In light of recent events that transpired at the International Students for Liberty Conference, I think it’s time we all sat down and had a bit of a talk. First though, a primer on what happened. A certain group called the “Hans Herman Hoppe Caucus” decided to host an impromptu “break-out session” with a certain character by the name of Richard Spencer. If you don’t recall, Spencer was caught on video at the end of a speech proclaiming “Hail Trump! Hail our leader!” Well, I mean “Heil Trump, Sieg Heil” would have been a little too obvious.

https://dominic.liberty.me/dear-libertarians/

A Spencer to ten naziol jakby ktos sie pytal: https://en.wikipedia.org/wiki/Richard_B._Spencer

Kurcze, u nas NOP-owcy wygladaja jak zwykle lyse zbiry, a w USA nawet naziole wygladaja inteligentnie :-( (ale pomysly tak samo zjebane oczywiscie).
 

Trigger Happy

Mądry tato
Członek Załogi
2 946
957
To jakieś pizdy nie libertarianie ;)

Constantly calling everyone who doesn’t completely agree with a “communist” (or fascist for that matter) does absolutely no good, and furthermore makes it harder to identify actual communists and or fascists. [\quote]
 

tosiabunio

Grand Master Architect
Członek Załogi
6 985
15 153
Jeffrey Tucker, niby humanista, ale w starciu ze Spencerem postanowił pobrutalizować i nawoływał do physical removal. Brutaliści jeżdżą po nim na fejsie:

16804487_1469681866398198_7128956941404640530_o.png
 

FatBantha

sprzedawca niszowych etosów
Członek Załogi
8 902
25 790
Jeffrey Tucker, niby humanista, ale w starciu ze Spencerem postanowił pobrutalizować i nawoływał do physical removal. Brutaliści jeżdżą po nim na fejsie:

16804487_1469681866398198_7128956941404640530_o.png
Tucker jest chyba typowym przypadkiem, który można byłoby wrzucić do tego tematu:
https://libertarianizm.net/threads/dlaczego-libom-zawsze-z-wiekiem-odbija-palma.6018/

Pokazuje też jak szybko można roztrwonić kapitał swojego autorytetu, gromadzony latami. Kiedy zaczynałem przygodę z libertarianizmem Jeffrey był jednym z najbardziej poczytnych autorów w moich prywatnych rankingach. Od czasu ukąszenia humanitariańskiego, zbiegającego się z tekstem o tych złych brutalistach, facet notuje stały spadek formy. Nie tylko intelektualnej, ale również godnościowej.

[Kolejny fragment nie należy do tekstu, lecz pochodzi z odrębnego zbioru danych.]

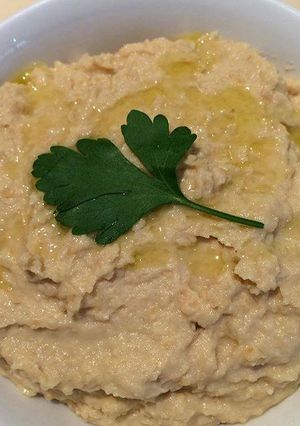 Una foto de Hummus
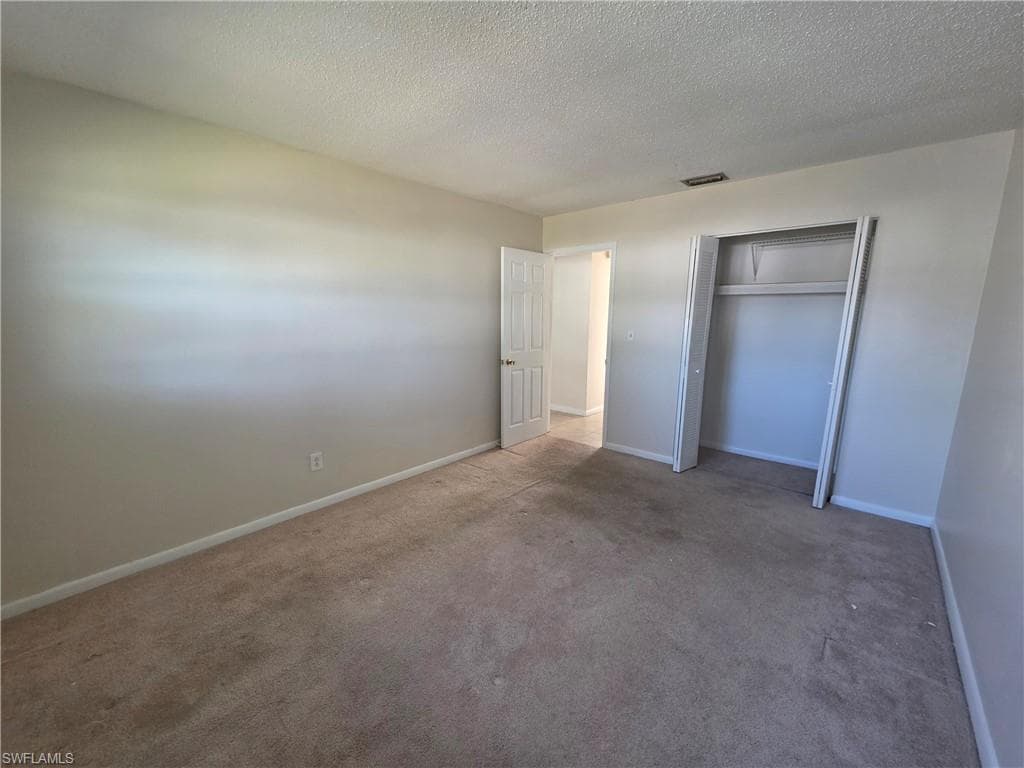 46 Hamlin CT, LEHIGH ACRES FL 33936-7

W sumie przykre patrzeć, gdy ktoś taki staje się pośmiewiskiem, ale chcącemu nie dzieje się krzywda a gość ostro pracował na swój los. Na pewno nie ma sensu lamentowanie - tragedia upadającego autorytetu również ma wartość dydaktyczną.

Brutaliści, jak ochrzcił swych oponentów Tucker, mogą się teraz z niego podśmiechiwać z satysfakcją, bo oni jednak nie tracą swej prawowierności a wraz z nią, wiarygodności. Dbają o czystość doktryny i nie mieszają jej z innymi egalitarnymi wynalazkami. Jak widać, dobrze na tej trzeźwości umysłu wychodzą - konwergencja to jednak straszna dziwka - potrafi sprowadzić przyzwoitego człowieka do poziomu gówna.
 

libertarianin.tom

akapowy dogmatyk
2 700
7 113
Tucker jest chyba typowym przypadkiem, który można byłoby wrzucić do tego tematu:
https://libertarianizm.net/threads/dlaczego-libom-zawsze-z-wiekiem-odbija-palma.6018/

Pokazuje też jak szybko można roztrwonić kapitał swojego autorytetu, gromadzony latami. Kiedy zaczynałem przygodę z libertarianizmem Jeffrey był jednym z najbardziej poczytnych autorów w moich prywatnych rankingach. Od czasu ukąszenia humanitariańskiego, zbiegającego się z tekstem o tych złych brutalistach, facet notuje stały spadek formy. Nie tylko intelektualnej, ale również godnościowej.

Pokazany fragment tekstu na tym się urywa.